Top of Material shown

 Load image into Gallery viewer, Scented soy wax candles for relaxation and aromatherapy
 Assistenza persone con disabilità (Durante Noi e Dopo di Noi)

Bottom of Material shown
Top of Material shown

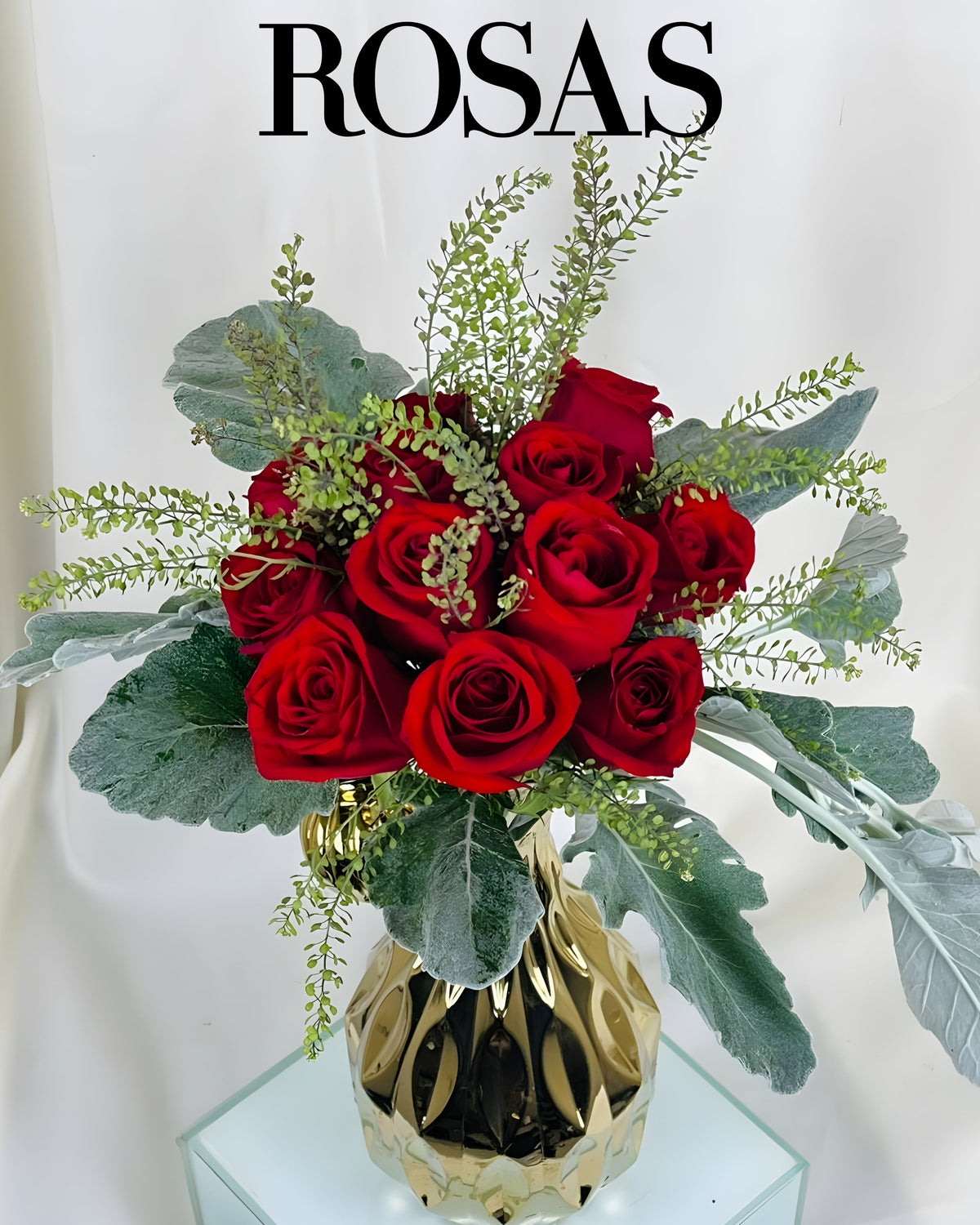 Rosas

Bottom of Material shown

→ Task directions: Please return the lines above that run from the line containing "Load image into" to the line containing "Assistenza persone con", inclusive, exactly and with no other lines.

→ Response area:
 Load image into Gallery viewer, Scented soy wax candles for relaxation and aromatherapy
 Assistenza persone con disabilità (Durante Noi e Dopo di Noi)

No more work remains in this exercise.